- _Your assignment_: Only one stretch of the data below is wanted: the lines starting at the one with "Pick Happy Women's" and ending at the one with "Gildan Unisex Ultra", both included, given again exactly.
———
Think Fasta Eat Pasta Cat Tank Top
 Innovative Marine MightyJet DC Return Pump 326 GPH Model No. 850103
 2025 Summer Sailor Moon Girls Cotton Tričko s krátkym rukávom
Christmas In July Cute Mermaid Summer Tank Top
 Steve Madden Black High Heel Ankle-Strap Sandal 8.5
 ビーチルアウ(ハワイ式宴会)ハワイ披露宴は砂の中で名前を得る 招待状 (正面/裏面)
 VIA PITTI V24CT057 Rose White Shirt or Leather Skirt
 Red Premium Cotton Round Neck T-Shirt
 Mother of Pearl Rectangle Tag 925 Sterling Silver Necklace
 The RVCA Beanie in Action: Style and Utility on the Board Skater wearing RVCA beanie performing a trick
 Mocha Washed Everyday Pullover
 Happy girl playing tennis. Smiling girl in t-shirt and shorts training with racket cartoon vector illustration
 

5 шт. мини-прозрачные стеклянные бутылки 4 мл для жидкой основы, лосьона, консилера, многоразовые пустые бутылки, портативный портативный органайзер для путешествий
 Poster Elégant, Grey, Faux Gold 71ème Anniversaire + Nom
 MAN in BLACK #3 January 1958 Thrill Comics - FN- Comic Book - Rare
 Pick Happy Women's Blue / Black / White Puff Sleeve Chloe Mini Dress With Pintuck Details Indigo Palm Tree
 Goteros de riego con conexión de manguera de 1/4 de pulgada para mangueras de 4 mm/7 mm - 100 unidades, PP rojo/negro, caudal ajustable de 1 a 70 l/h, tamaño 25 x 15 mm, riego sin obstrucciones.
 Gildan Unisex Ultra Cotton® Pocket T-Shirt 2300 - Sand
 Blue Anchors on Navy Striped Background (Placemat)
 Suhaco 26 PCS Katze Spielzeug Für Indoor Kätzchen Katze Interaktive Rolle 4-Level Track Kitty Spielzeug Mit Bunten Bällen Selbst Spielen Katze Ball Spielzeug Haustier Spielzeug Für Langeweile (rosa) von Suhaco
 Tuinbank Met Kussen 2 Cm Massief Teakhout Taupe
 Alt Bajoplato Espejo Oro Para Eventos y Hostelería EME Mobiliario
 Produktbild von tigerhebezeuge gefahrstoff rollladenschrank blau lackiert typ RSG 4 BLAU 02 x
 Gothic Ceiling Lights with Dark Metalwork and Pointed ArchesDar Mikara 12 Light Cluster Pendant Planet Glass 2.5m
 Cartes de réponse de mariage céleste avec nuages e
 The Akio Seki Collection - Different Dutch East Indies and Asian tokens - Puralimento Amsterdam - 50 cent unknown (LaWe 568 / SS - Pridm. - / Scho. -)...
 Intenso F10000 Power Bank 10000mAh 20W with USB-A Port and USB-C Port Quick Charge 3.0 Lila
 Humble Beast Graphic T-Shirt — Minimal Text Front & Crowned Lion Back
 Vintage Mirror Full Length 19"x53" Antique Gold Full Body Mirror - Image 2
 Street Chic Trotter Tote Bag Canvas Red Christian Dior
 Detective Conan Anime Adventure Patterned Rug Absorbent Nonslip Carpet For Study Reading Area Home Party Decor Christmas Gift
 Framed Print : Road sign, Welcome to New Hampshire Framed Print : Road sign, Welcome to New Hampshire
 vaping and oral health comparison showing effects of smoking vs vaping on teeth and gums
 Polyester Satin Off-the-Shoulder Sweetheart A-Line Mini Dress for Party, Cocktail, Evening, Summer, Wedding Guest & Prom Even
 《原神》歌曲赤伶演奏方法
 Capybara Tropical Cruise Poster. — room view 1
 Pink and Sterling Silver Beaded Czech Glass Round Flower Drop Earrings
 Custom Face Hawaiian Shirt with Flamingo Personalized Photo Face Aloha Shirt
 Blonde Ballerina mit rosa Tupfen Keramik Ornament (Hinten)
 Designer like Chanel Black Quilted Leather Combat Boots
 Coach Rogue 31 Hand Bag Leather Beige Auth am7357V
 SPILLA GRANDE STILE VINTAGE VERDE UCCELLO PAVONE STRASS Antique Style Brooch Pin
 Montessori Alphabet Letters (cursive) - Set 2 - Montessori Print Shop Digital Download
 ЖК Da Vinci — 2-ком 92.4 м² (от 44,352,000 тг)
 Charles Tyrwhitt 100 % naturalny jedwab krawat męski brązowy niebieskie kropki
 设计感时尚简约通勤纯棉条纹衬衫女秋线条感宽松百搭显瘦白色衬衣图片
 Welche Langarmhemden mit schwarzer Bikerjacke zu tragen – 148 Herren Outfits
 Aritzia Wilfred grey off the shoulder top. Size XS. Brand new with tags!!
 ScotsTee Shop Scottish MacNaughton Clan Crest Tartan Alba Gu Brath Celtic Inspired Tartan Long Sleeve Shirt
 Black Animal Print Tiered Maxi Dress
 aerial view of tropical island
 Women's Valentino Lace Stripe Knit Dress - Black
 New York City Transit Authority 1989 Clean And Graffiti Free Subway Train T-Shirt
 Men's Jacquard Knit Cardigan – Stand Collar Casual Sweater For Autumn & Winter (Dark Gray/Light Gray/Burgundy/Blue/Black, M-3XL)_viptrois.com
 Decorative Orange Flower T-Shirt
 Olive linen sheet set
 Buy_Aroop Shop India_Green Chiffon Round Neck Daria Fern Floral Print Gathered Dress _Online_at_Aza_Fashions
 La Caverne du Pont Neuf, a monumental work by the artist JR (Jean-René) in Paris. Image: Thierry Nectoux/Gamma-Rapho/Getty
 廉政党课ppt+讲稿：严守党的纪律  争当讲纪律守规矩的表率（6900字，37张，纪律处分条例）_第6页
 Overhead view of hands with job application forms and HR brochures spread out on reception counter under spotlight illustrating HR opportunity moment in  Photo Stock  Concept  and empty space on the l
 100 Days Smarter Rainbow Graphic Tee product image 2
———
- _Answer to the problem_:
 Pick Happy Women's Blue / Black / White Puff Sleeve Chloe Mini Dress With Pintuck Details Indigo Palm Tree
 Goteros de riego con conexión de manguera de 1/4 de pulgada para mangueras de 4 mm/7 mm - 100 unidades, PP rojo/negro, caudal ajustable de 1 a 70 l/h, tamaño 25 x 15 mm, riego sin obstrucciones.
 Gildan Unisex Ultra Cotton® Pocket T-Shirt 2300 - Sand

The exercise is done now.